Excel, R, Sketch/Illustrator, D3.js


All medals from 2008 and earlier come from this article, all from 2012 from this article and 2016 I added manually. Note that I had to clean up both articles for several wrong/missing medals.


More than 5000 Olympic events have had a winner in the Summer Olympics since the first games of 1896. In “Olympic Feathers” you can investigate to see how each of these medals has been won in the 56 different sporting disciplines that have competed at the games, of which 41 are still held at Rio 2016.

Each circle represents a grouping of several different (but approximately) similar themed sports, such as water or ball sports. The editions of the Olympic Games are the rings radiating outward, with the oldest in the center and 2016 at the outer edge. Each slice within a circle is one sporting discipline, with female events on the reddish half and the male events on the blue half. Finally, each medal is given the color of the continent in which the country lies that won (e.g. Europe is blue).


In the week before the Olympics started in Rio, I had an idea for a visualization. Something about all the medal winners since the very first Olympic Games in 1896. I thought there would be more than enough datasets about the medallists, but was surprised to find only one (created by the Guardian). Eventually, the data preparation took about 12 hours and then about 15 minutes each day during the Olympics to update the medal dataset with the previous day’s winners.

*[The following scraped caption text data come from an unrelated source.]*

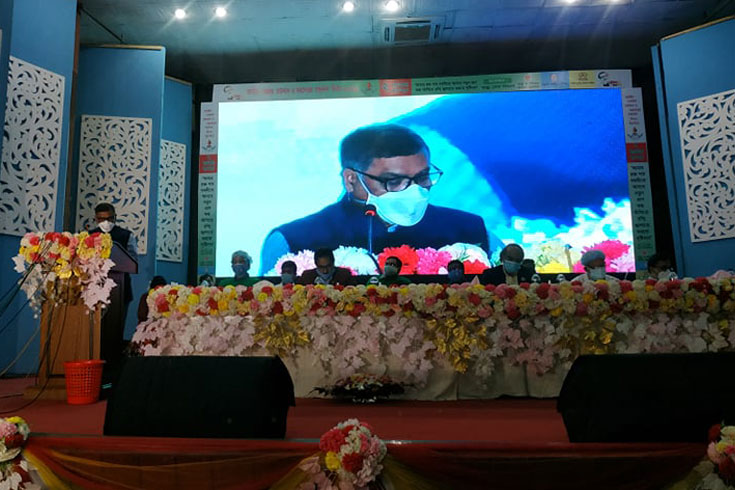 করোনার দ্বিতীয় ঢেউ মোকাবিলা সম্মিলিতভাবে: স্বাস্থ্যমন্ত্রী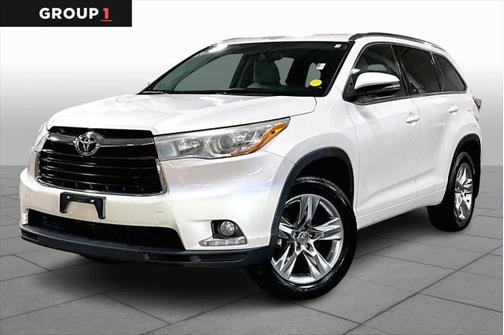 2015 Toyota Highlander Limited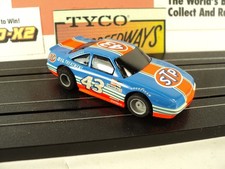 Tyco Petty Pontiac 43 in Blue/Fl Red STP From 1992 440 Chassis, Sharp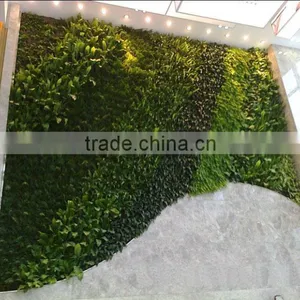 High Quality Eco-friendly Artificial Plant Wall, Foliage Green Wall, Indoor or Outdoor thumbnail-6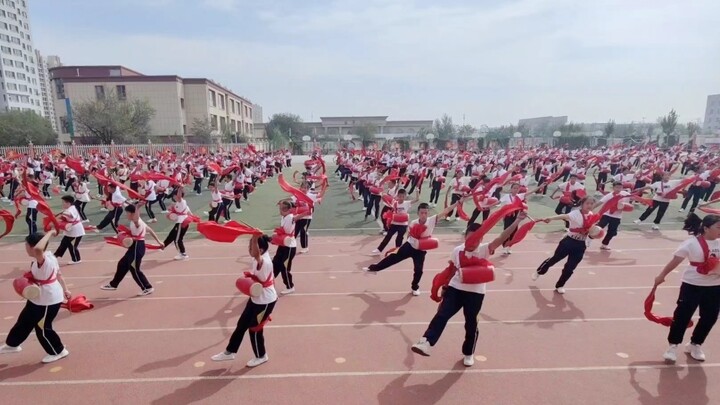 The inheritance of Ansai waist drum starts from childhood, and the inheritance of intangible cultura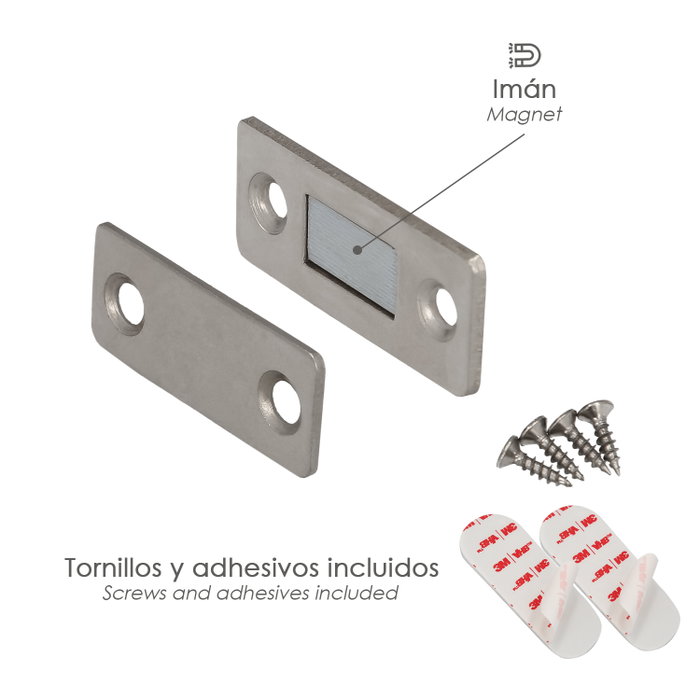 WOLFPACK LINEA PROFESIONAL Cierre Iman Universal pour Portes et Tiroirs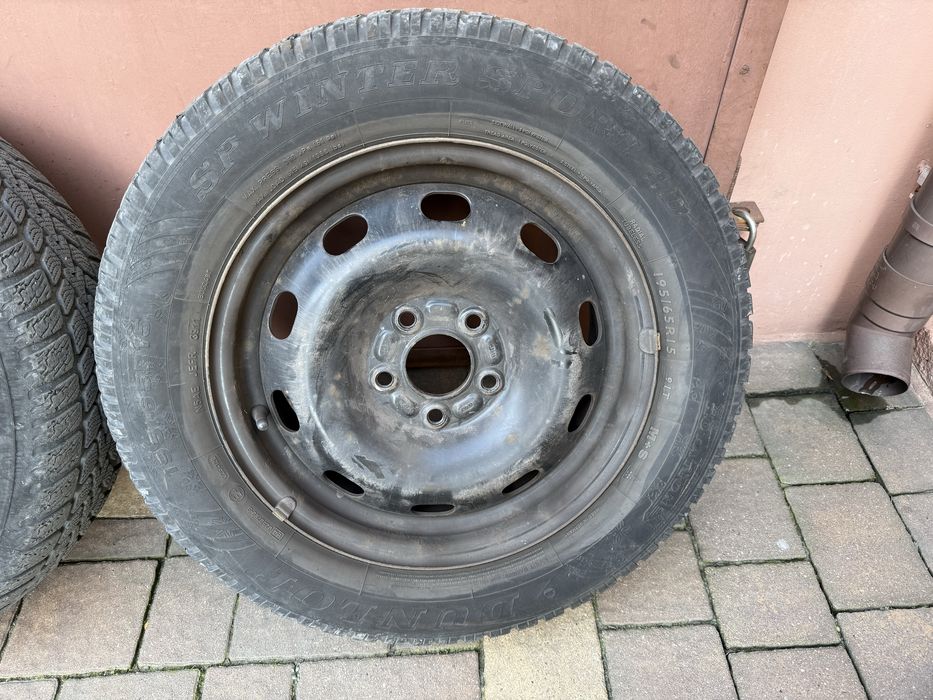 Felgi stalowe 15” 5x108 Volvo V50 / S40 / Focus C-Max – komplet 4 szt.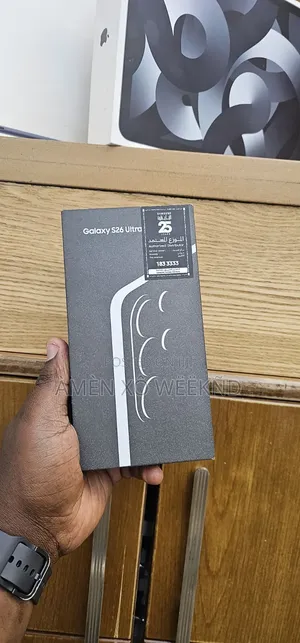 New Samsung Galaxy S26 Ultra 5G 256 GB White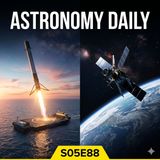 Blue Origin Reuses New Glenn But Loses Satellite + Artemis 2 Heat Shield News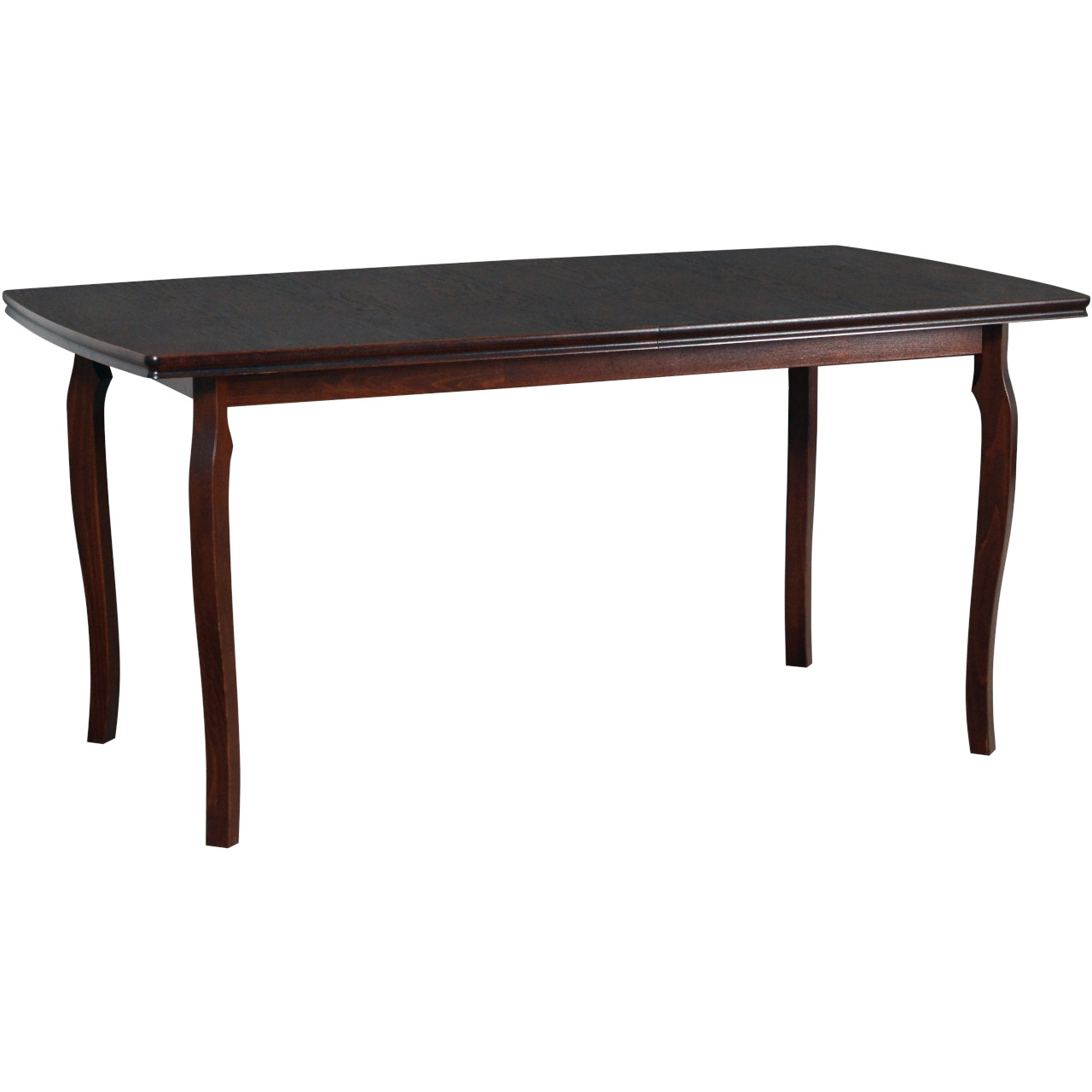 Stôl KENT 1 90x160/200 orech, dubová dyha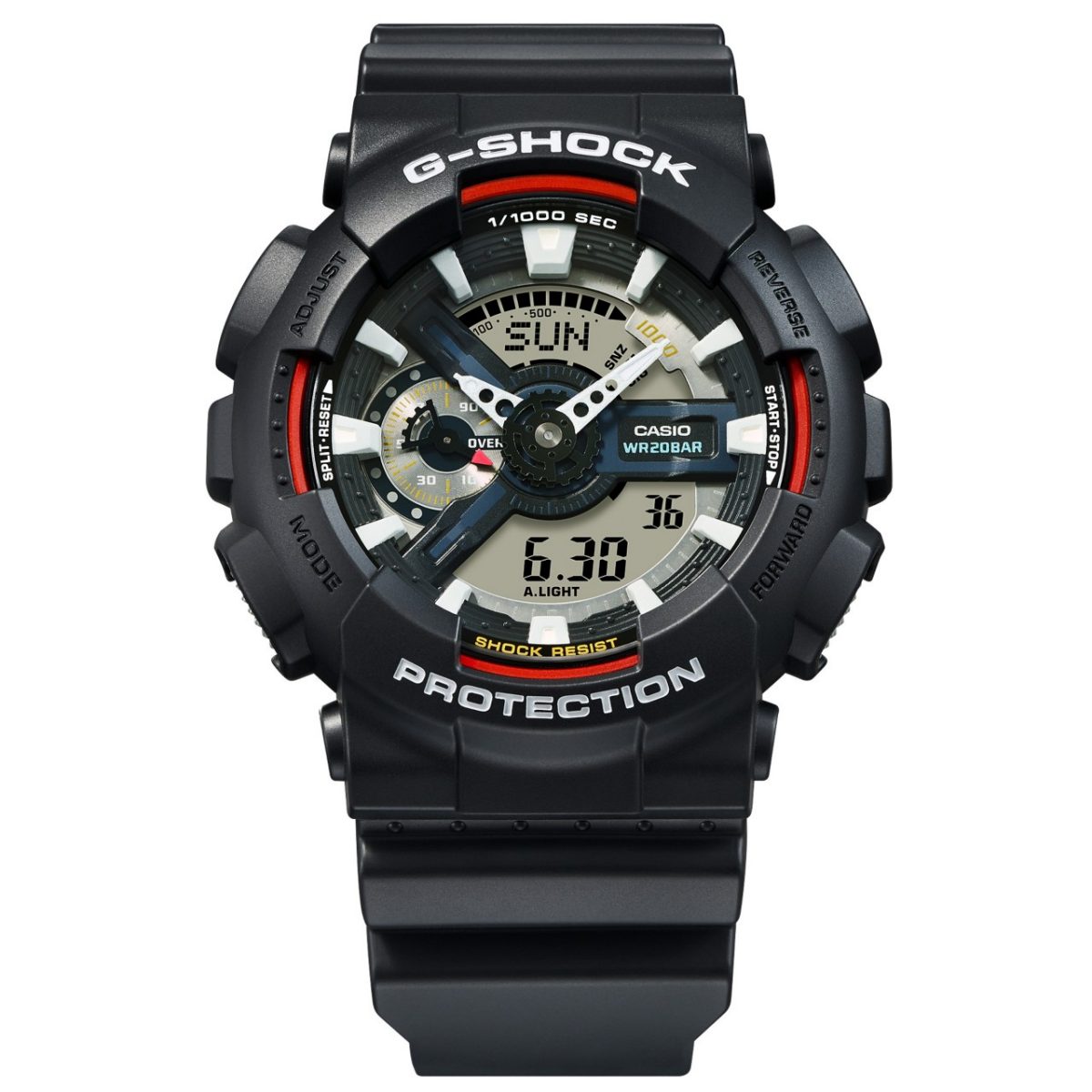 G-SHOCK GA-110RL-1A 手表 黑色 #7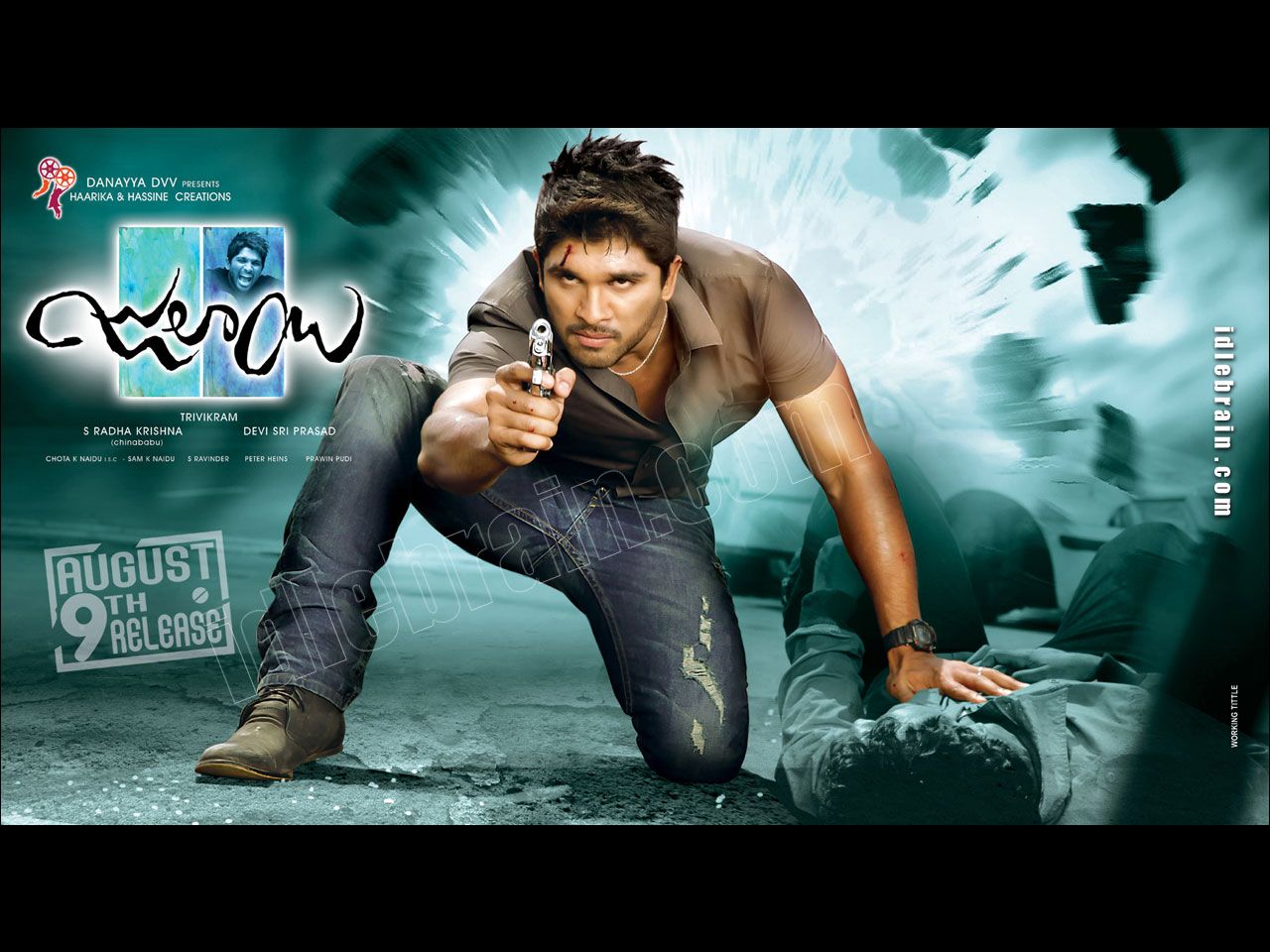 Julayi film wallpaper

My first design concept was to visualize each of the 56 disciplines that have been competing at the Olympics as a “feather” and use the inside of the feather to place all of the medals according to the edition and gender. The feather shape didn’t make the final cut, but the name Olympic Feathers never changed. All of the coding happened in the first week of the Olympics. My days looked very similar then; after my normal working day I came home, put on the Olympics, made & ate dinner, started coding with the Olympics on the background until it was past my bedtime and at some point managed to go to bed. A colleague at work then, Jeroen de Lange, who is the creative director at Adyen, helped me to get the design to the next level. With nice typographic layouts and advice to improve the overall look (and killing some of my darlings, which were for the better). It was quite a tiring week, but it was so much fun to code and learn many things from the data and visualization that I never knew about the Olympics. It’s a visualization that takes a bit of time to understand, but once you do there are loads of interesting facts to find. Just the way I like to make them.